He’s getting older, and moving so much now that he rarely wants to snuggle.  I can see that he won’t want to sit on my lap soon.  And he gets bored just having me hold him.  He’s starting to screech, and wants to be a part of things… and that usually marks the end of those stolen baby moments.    

I love those moments.   I hope they last a little while longer.  I am not ready to give them up yet.


Lost & Found

15 January, 2009 @ 9:13 pm
Parenthood | 1 Comments

Many of my things seem to be disappearing these days.    They just up & walk away.  I know that one of my munchkins have taken them, but I am not sure which one.  I can safely rule out Ryan, but of the two bigger boys… they are quick to deny knowing anything about ’said’ object. 

Tonight while they were in the bathtub I scurried around the house to pick up.   
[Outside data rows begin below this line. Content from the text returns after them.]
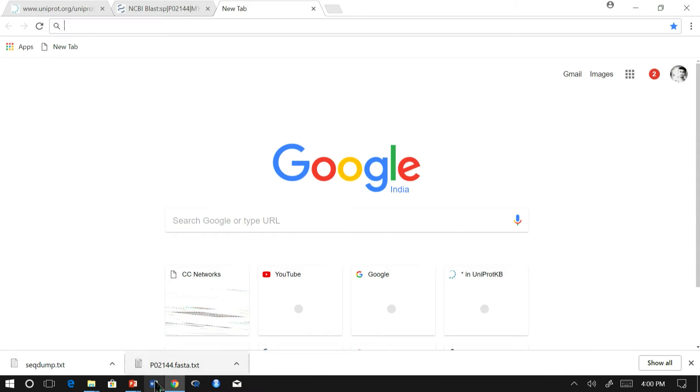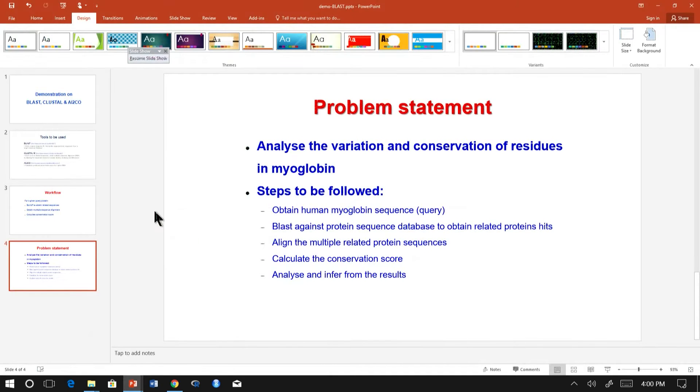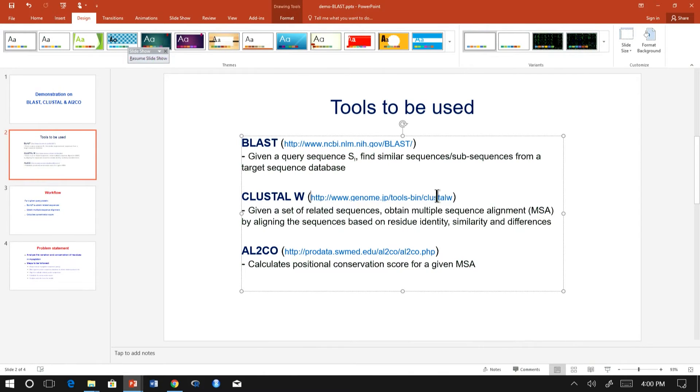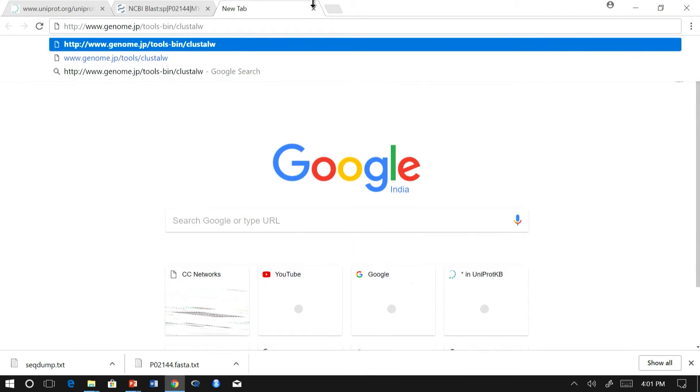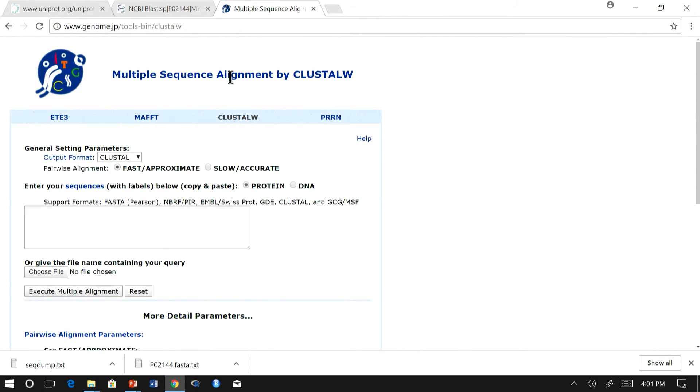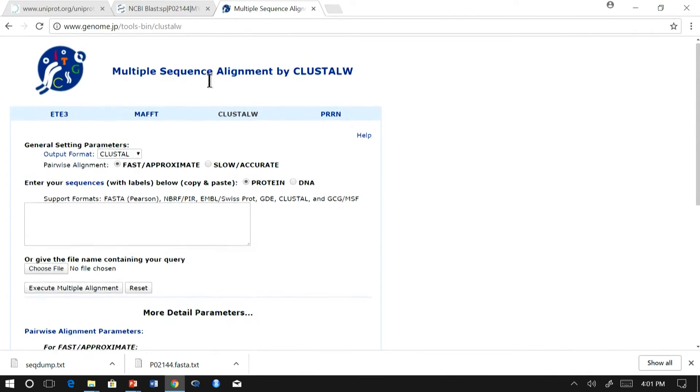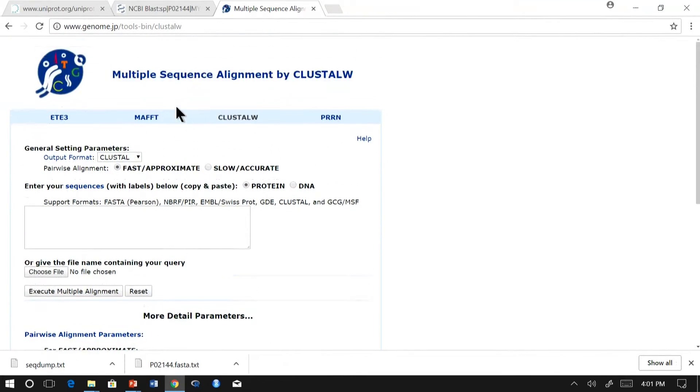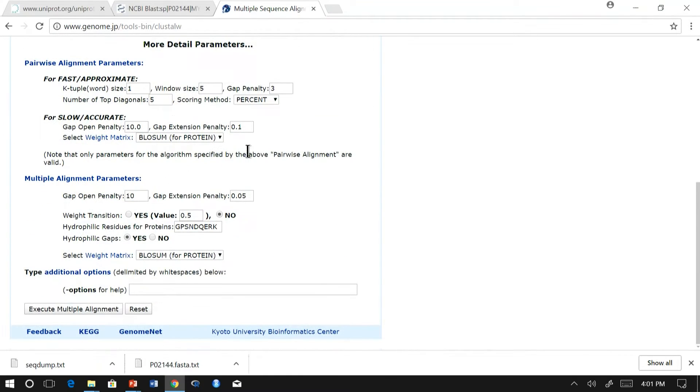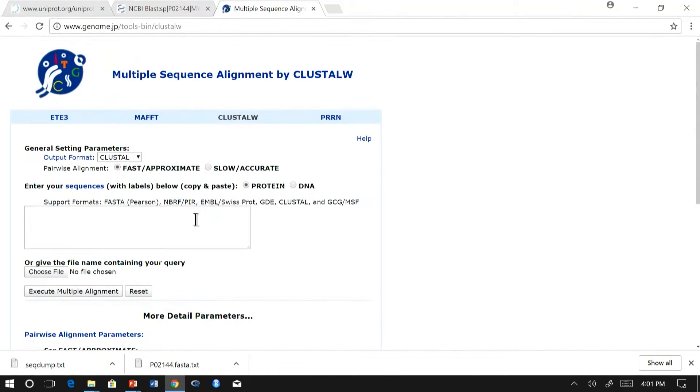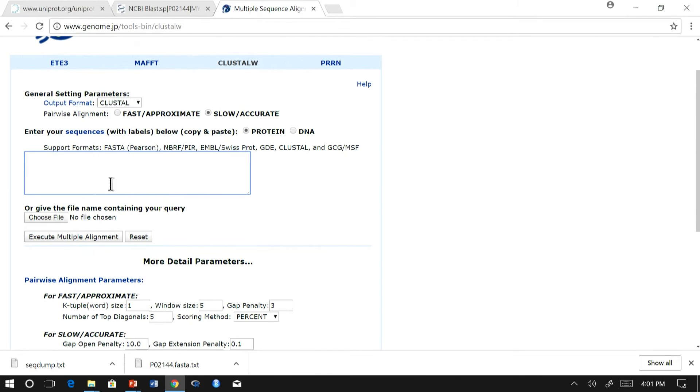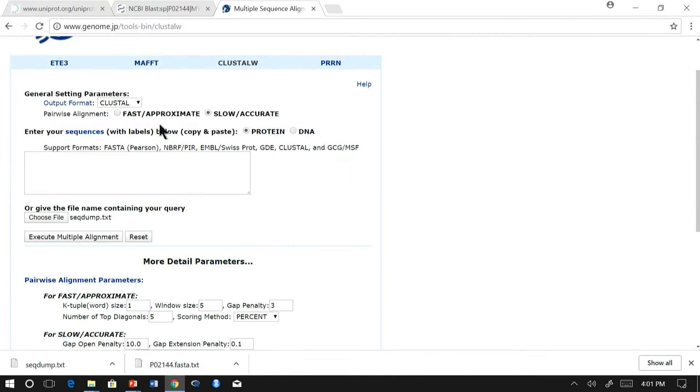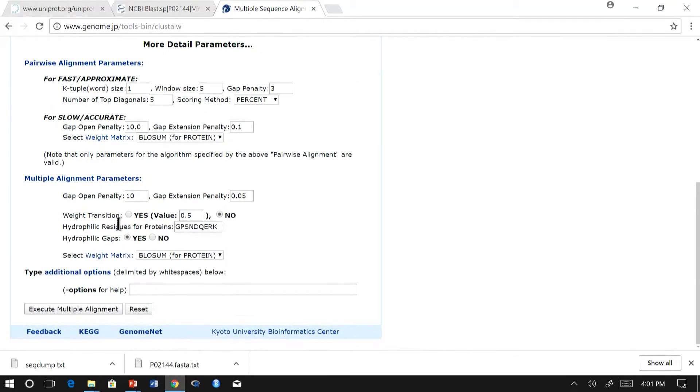We will use this for alignment with ClustalW. Let us go to ClustalW website, which is hosted in genome.jp. ClustalW was originally implemented in EBI site. This website also has parameters which are similar to what we found in BLAST for alignment. I am going to choose the accurate method and choose the file and submit the job.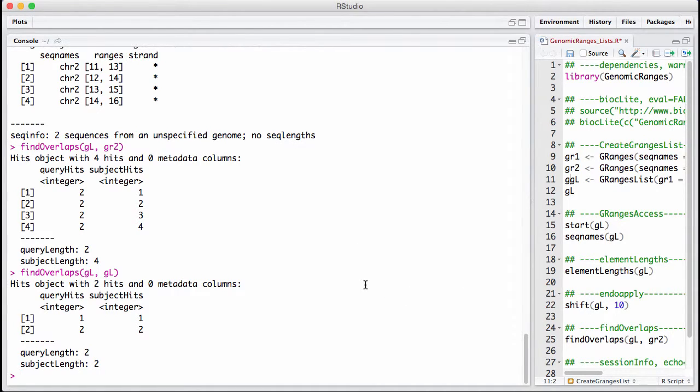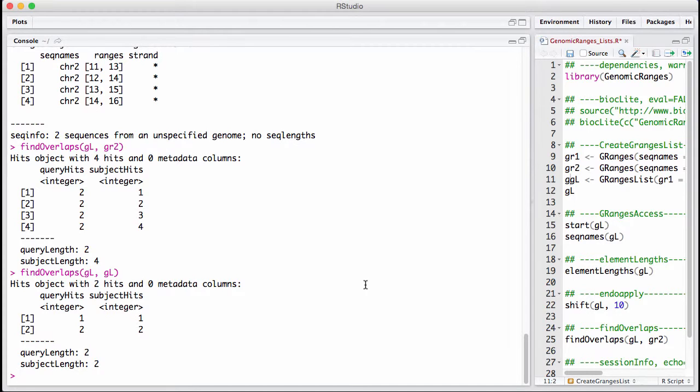This is also usually what you want to do if you want to, say, overlap a transcript with a ChipSeq peak or a read. We are not necessarily interested in exactly which exon overlaps. We just want to know, does some part of the exons overlap a given genomic region?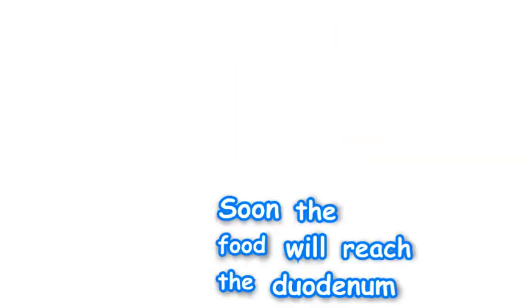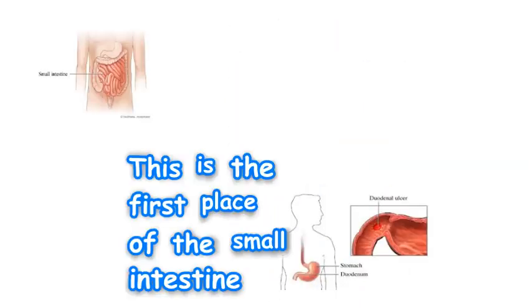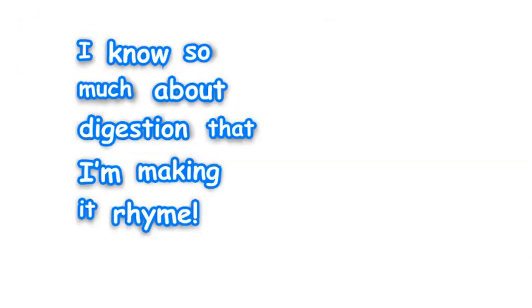Soon food will reach the duodenum, this is the first place of the small intestine. Now food is broken down by enzymes. I know so much about digestion that I'm making it rhyme.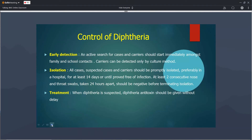For control of diphtheria, early detection of cases and carriers is essential, including school-based examination of children. All infected patients should be isolated for 14 days, and at least two consecutive throat swabs must be negative for diphtheria before discharge.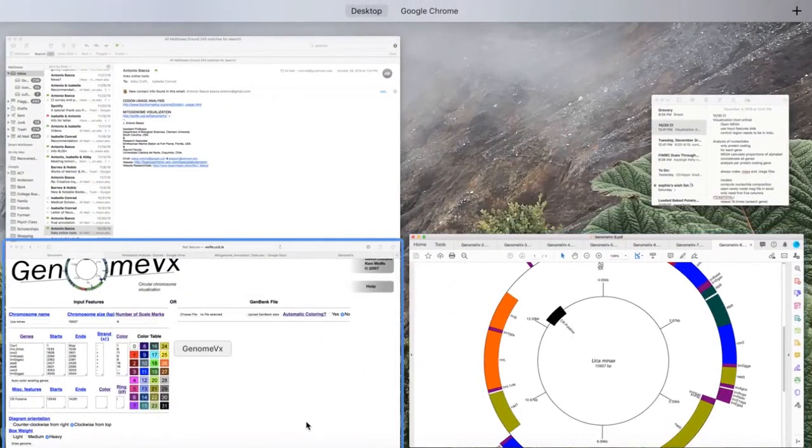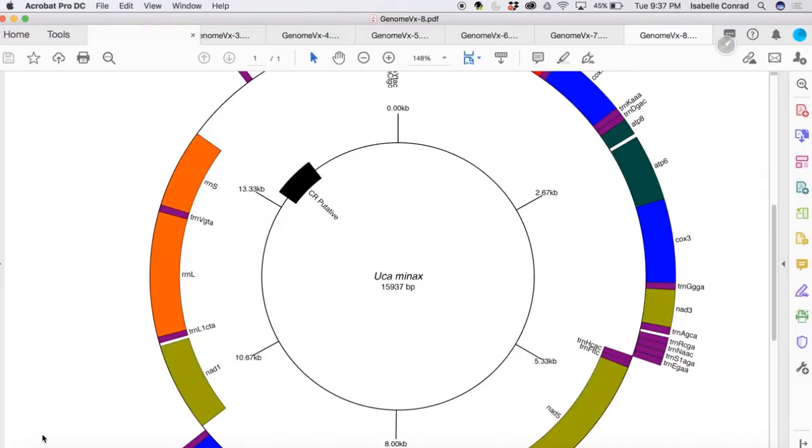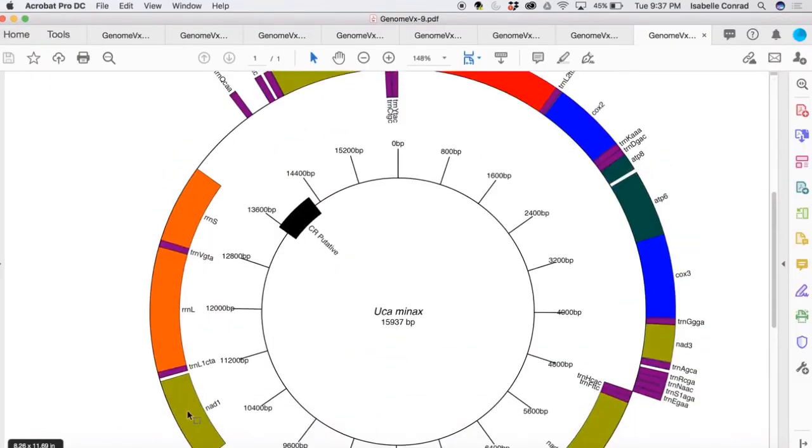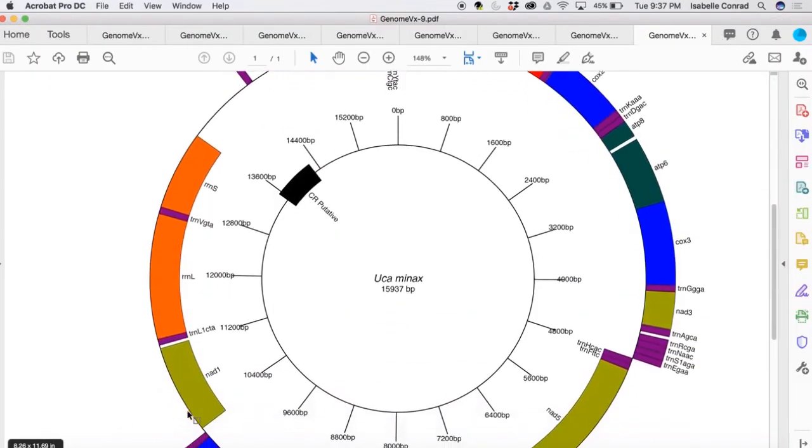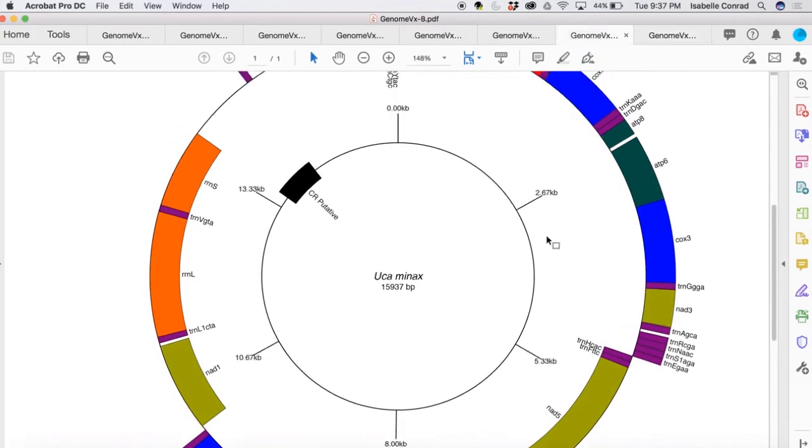So we can also choose the colors for the genes ourselves instead of auto coloring. And then we can change the number of scale marks. So scale marks just measure the length of the gene. So instead of six, we did 20. And so there's 20 versus six, what we had before.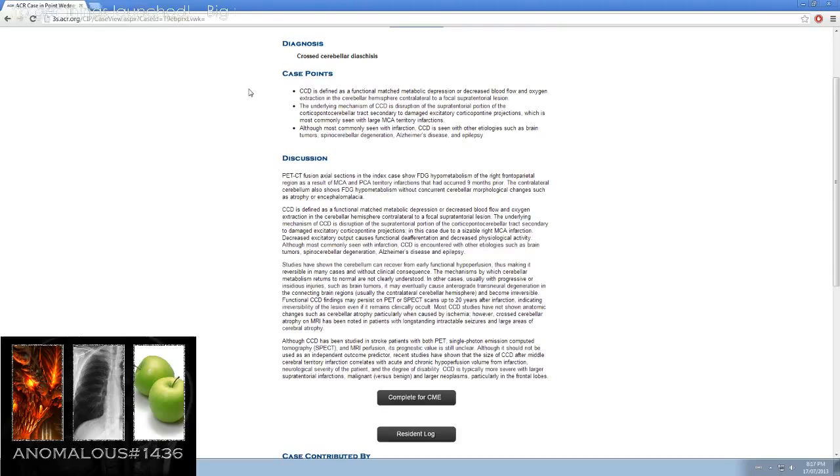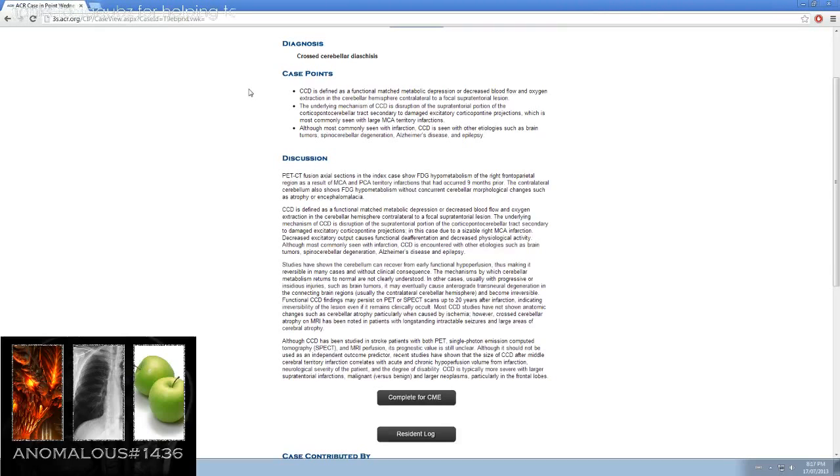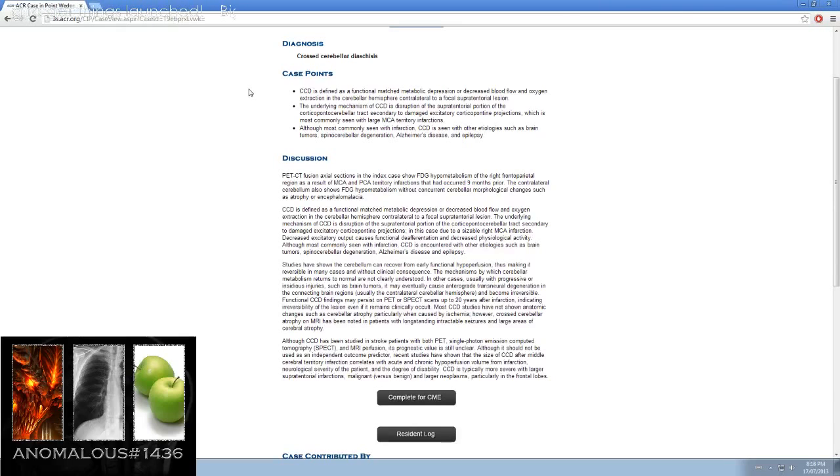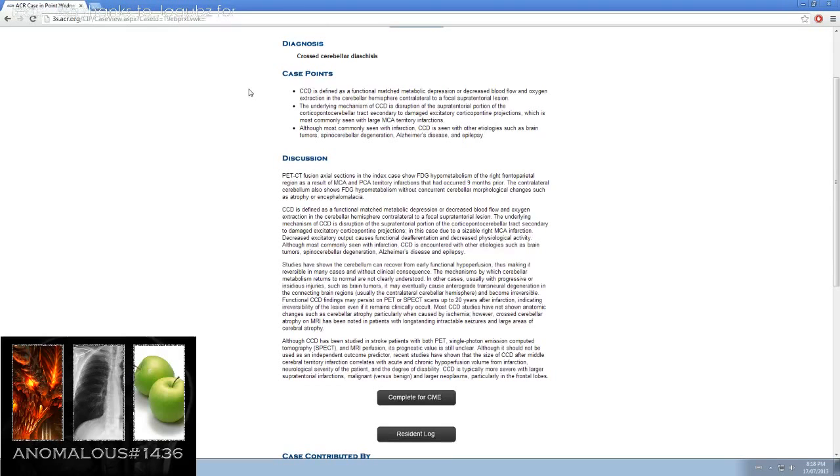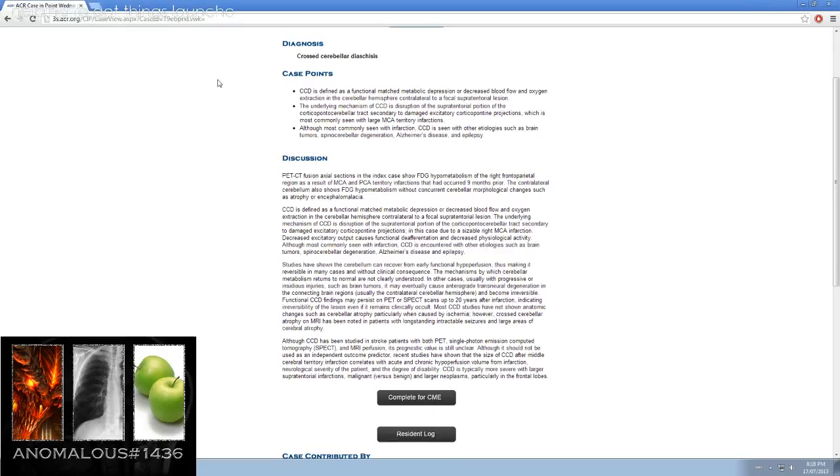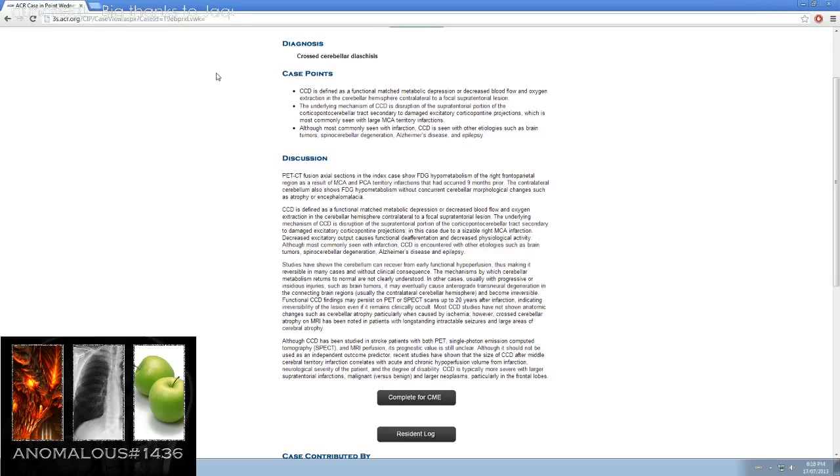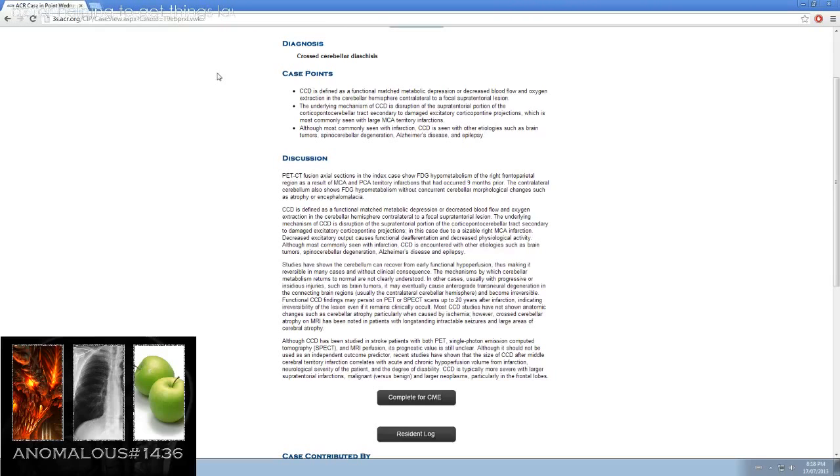Although most commonly seen with infarctions, CCD is seen with other etiologies such as brain tumors, spinal cerebellar degeneration, Alzheimer's disease, and epilepsy. PET-CT fusion axial sections in the index case show FDG hypometabolism in the right frontal parietal region as a result of MCA and PCA territory infarctions that occurred 9 months prior. The contralateral cerebellum also shows FDG hypometabolism without concurrent cerebellar morphological changes such as atrophy or encephalomalacia.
Here is what I found under Hiding Place #1 (the secret drawer under their bed):

  • Some of my breast pads
  • Cotton balls
  • Cups
  • Baby Books I had been trying to put in Ryan’s room
  • Stuffed animals that I had decorated Ryan’s room with
  • Flashlights
  • Medicine cups and dispensers (no not the medicine itself)

Then I moved downstairs and started organizing Hiding Place #2 (the toy closet).  

This is about the time I wanted to call the cops to come and pick up the little thieves that live underneath my roof.    I found:

  • The wine stoppers that we use when suctioning a wine bottle closed
  • Then I found the wine suction gadget.  
  • I found my pie scooper
  • My pizza roller
  • The tool I use to ice cakes
  • An attachment to my Dyson vacuum
  • More flashlights
  • My saucepan
  • Lids to my Calphalon pots
  • Tupperware
  • and more
  • and more
  • and more

I think I am going to start hiding their stuff and see how they like it.

Wait.  I already know how that will turn out.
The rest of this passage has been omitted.